BBN zawiadomiło prokuraturę o przecieku tajnej rozmowy
Biuro Bezpieczeństwa Narodowego zawiadomiło prokuraturę "o nieuprawnionym ujawnieniu informacji niejawnych" w związku ze spotkaniem prezydenta z szefem MSZ. Rzecznik Prokuratora Generalnego Ewa Piotrowska mówi, że jeżeli zawiadomienie zostało wysłane, to prokuratura będzie mogła zająć się tą sprawą najwcześniej w poniedziałek.
18.07.2008 | aktual.: 18.07.2008 20:52
Chodzi o przeciek do mediów fragmentów tajnej rozmowy między prezydentem Lechem Kaczyńskim i szefem MSZ Radosławem Sikorskim w sprawie tarczy antyrakietowej. Piątkowy "Dziennik" w artykule "Wojna polsko-polska" przedstawia - jak napisano - "najważniejsze momenty konfliktu między Kancelarią Lecha Kaczyńskiego i otoczeniem Donalda Tuska w sprawie amerykańskiego systemu antyrakietowego". Gazeta przytacza fragmenty tajnej rozmowy pomiędzy prezydentem a ministrem, która odbyła się 4 lipca w BBN.
"Można być prezydentem, ale można być też chamem" - to zdanie, według "Dziennika" wypowiedział minister spraw zagranicznych Radosław Sikorski w rozmowie z minister Anną Fotygą przed rozmową z prezydentem.
Prezydent z kolei miał niemal przesłuchiwać ministra, pytać go, czy zna Rona Asmusa, prominentnego polityka amerykańskich Demokratów. Z pytań, które - jak pisze "Dziennik" - prezydent zadawał Sikorskiemu wynika, że posądzał go o zdradę interesów Polski. Według gazety prezydent podejrzewa, że Sikorski zawarł tajny pakt z amerykańskimi Demokratami.
Prezydent sądził również, że Sikorski tłumaczył rozmowę telefoniczną między wiceprezydentem USA Dickiem Cheneyem a premierem Tuskiem. Przypuszczał, że szef dyplomacji mógł celowo zniekształcać wypowiedzi polityków.
Rozmowa odbywała się 4 lipca w BBN - w tajnej kancelarii.
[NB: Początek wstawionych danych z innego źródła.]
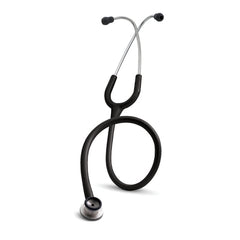 marketlab 3M Littmann Classic II Infant Stethoscope 28 inch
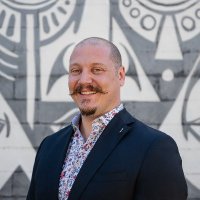 Clayton Coleman (@ccoleman_neuro) 's Twitter Profile Photo Clayton Coleman (@ccoleman_neuro) 's Twitter Profile Photo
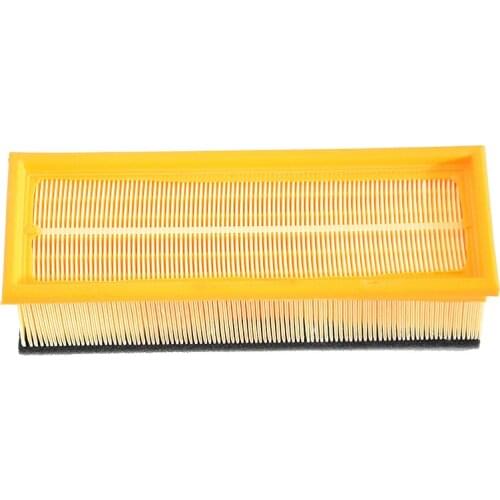 Car Engine Air Filter for CITROEN (DF.C) Fukang Elysee (7B,R31) 1.6L C32119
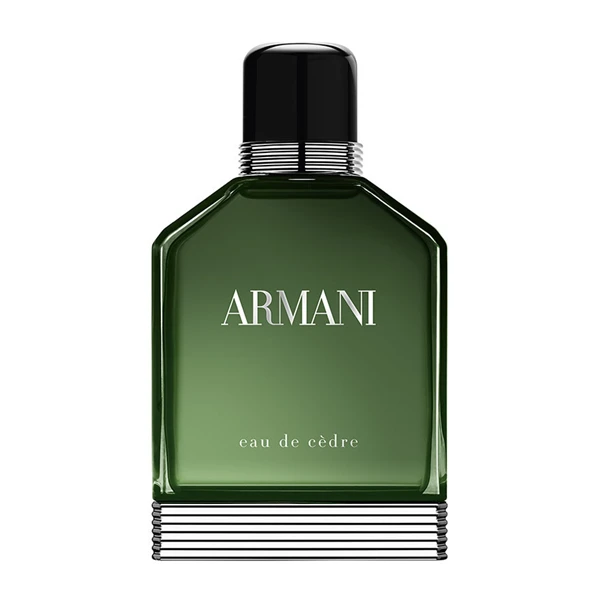 Giorgio Armani Eau De Cedre Eau De Toilette 50 Ml 1 Giorgio Armani Eau De Cedre Eau De Toilette 50 Ml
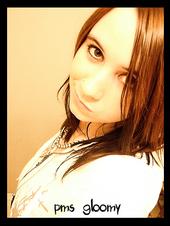 xKAYLEExKANEx [<3 Nate] *PMS Gloomy* profile picture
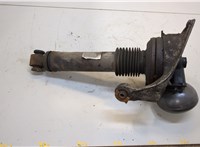 9674996780 Амортизатор подвески Citroen C5 2008- 20366925 #3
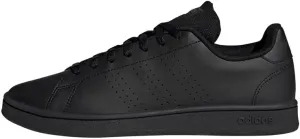 adidas Men's Lite Racer CLN Running Shoe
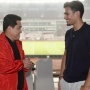 Banyak Menaturalisasi Bek, Seperti Apakah Taktik STY di Piala Asia?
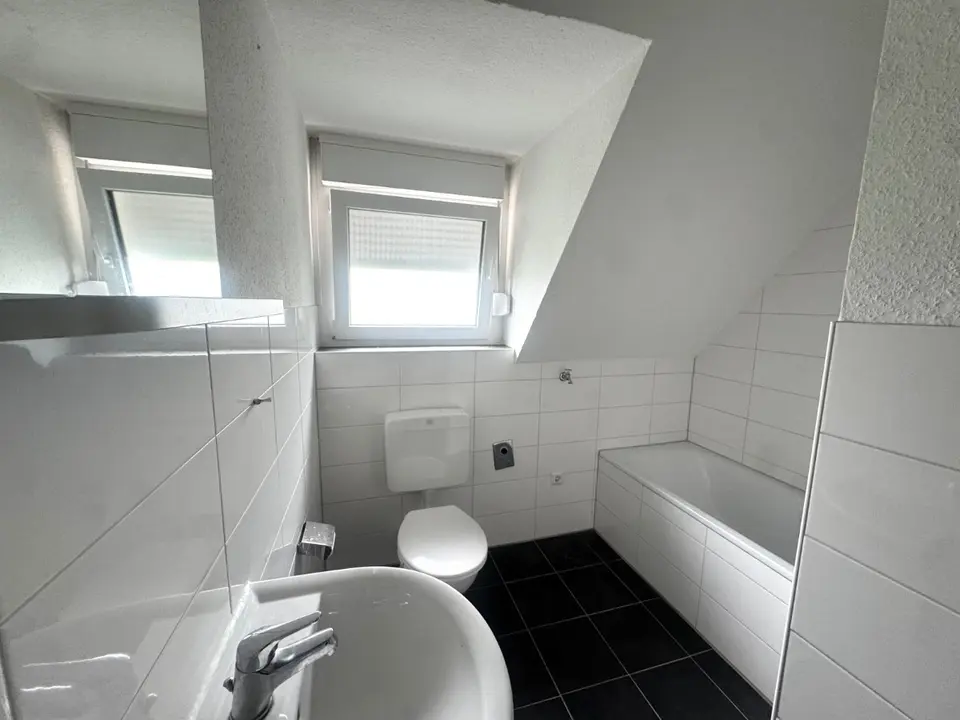 3 Zimmer Wohnung mit 80 m² in Gelsenkirchen – Bild 10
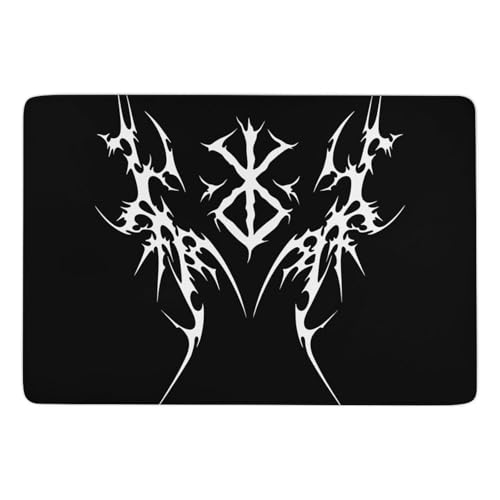 �J�[�y�b�g �x���Z���N �O�~ �t�����l�����O 150cm×100cm ������� ����~�ߕt�� ����t���G�� ���r���O�}�b�g �􂦂� �I�[���V�[�Y�����K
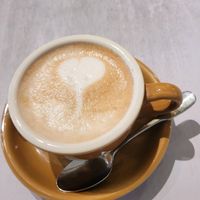  at Wired Bonbon in Tokyo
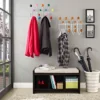 Gumball Coat Rack - Modway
BBN nie chciało komentować sprawy przecieku, tłumacząc to "poczuciem odpowiedzialności za pomyślny przebieg negocjacji dotyczących tarczy antyrakietowej".
Biuro Bezpieczeństwa Narodowego w komunikacie na ten temat oświadczyło: "Do zakończenia negocjacji Biuro Bezpieczeństwa Narodowego nie będzie komentowało wydarzeń, które w jakikolwiek sposób mogłyby dotyczyć tej sprawy. Liczymy na rozsądek i spokój wszystkich zainteresowanych osób. Kwestie związane z przebiegiem negocjacji będą mogły być szerzej omawiane po ich zakończeniu. Nasze podejście spowodowane jest szacunkiem dla bezpieczeństwa narodowego i dobra naszego kraju" - podkreślono w przesłanym mediom oświadczeniu.
Stanowiska w sprawie publikacji nie zajęły ani resort dyplomacji ani Pałac Prezydencki.